How One Mom Became an Advocate for Kids With Dyslexia

Mary De Angelo is used to working for people with disabilities. She sits on her county’s disability commission, for starters. She’s helped out at her daughter’s school for kids with dyslexia. And she’s involved with an ongoing project for local artists with disabilities.

But on March 18, De Angelo took her commitment to a whole new level. She went to the Maryland statehouse in Annapolis. Her mission? To urge lawmakers to support two bills about dyslexia. The bills aim to identify kids with earlier and provide better training for teachers.

De Angelo, a writer and editor, went to the statehouse as part of Dyslexia Advocacy Day in Annapolis. The event was created by the group Decoding Dyslexia. She joined with other parents to educate lawmakers about dyslexia.

“I think we brought some awareness that kids have to be identified at an early age,” De Angelo says. “We definitely made an impression.”

Her 13-year-old daughter Nina was so excited about the event that she came, too. “She had a great time talking to our state senators and delegates,” De Angelo says. “She spoke from a student’s perspective and did a fantastic job.”

De Angelo’s journey as an advocate began five years ago, when she found out her daughter has dyslexia. Nina was in second grade at the time. De Angelo enrolled her in a school for kids with dyslexia.

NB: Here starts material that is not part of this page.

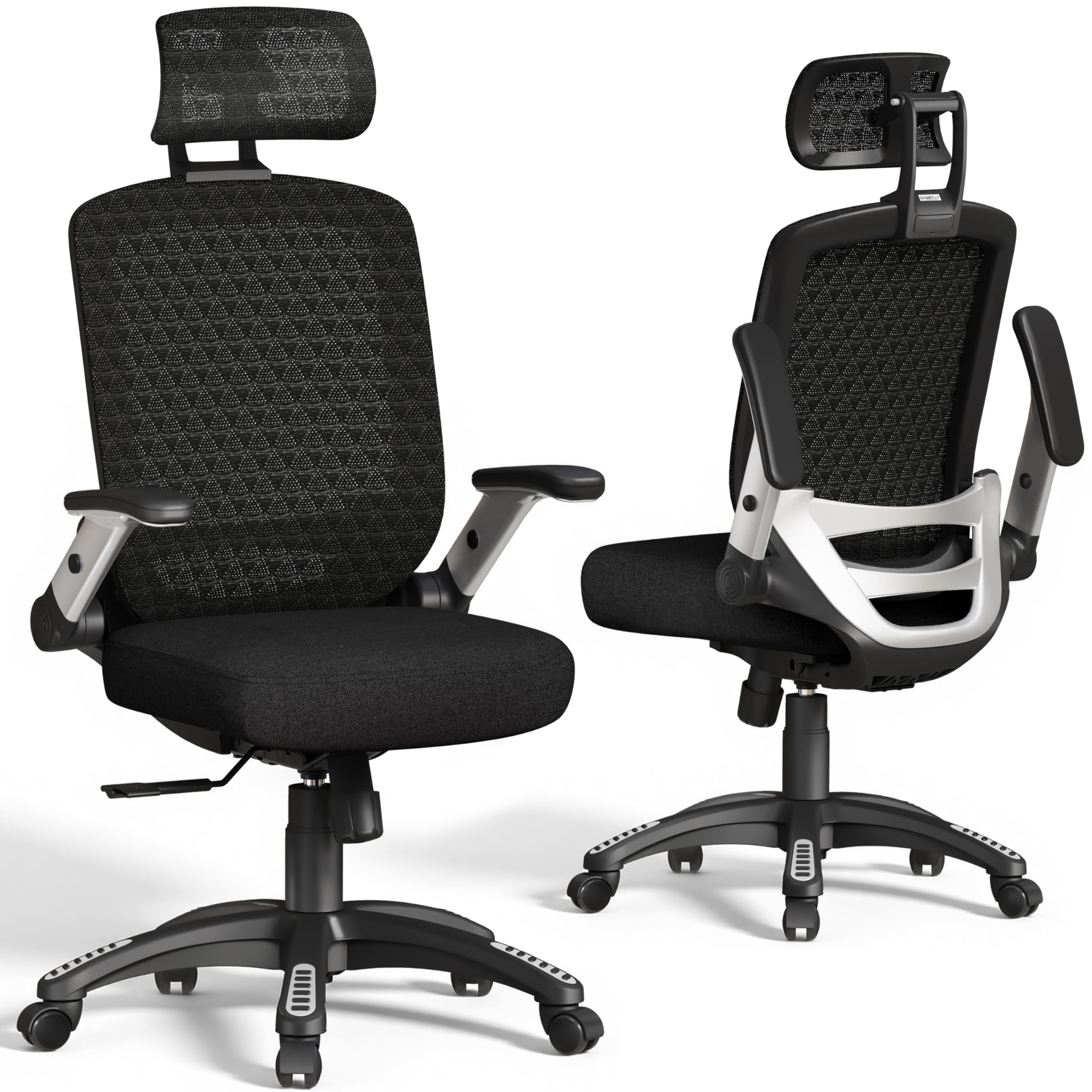 GABRYLLY Ergonomic Office Chair with Footrest, High Back Home Desk Chair - 3D Headrest, Flip-Up Arms, 135° Tilt and Wide Cushion, Heavy Duty Mesh Chairs for Task Computer Gaming, GYB01-FT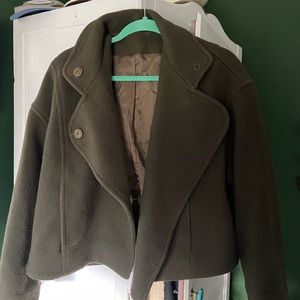 & other stories crop forest green wool coat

After that, a spot opened on the County Commission on Disability Issues. De Angelo applied and got the position. Today she serves as vice co-chair.

De Angelo went on to organize Artists Without Limits. The annual exhibit for artists with disabilities is now in its fourth year. This year’s show kicked off April 16 with an opening night gala. The exhibit runs through June 30.

Since De Angelo’s trip, one of the bills has passed in the state Senate. Now advocacy is in her blood. She encourages other parents to get involved. And she urges them to speak out, too. “Every voice is important—especially when it comes to getting help for our children,” she says.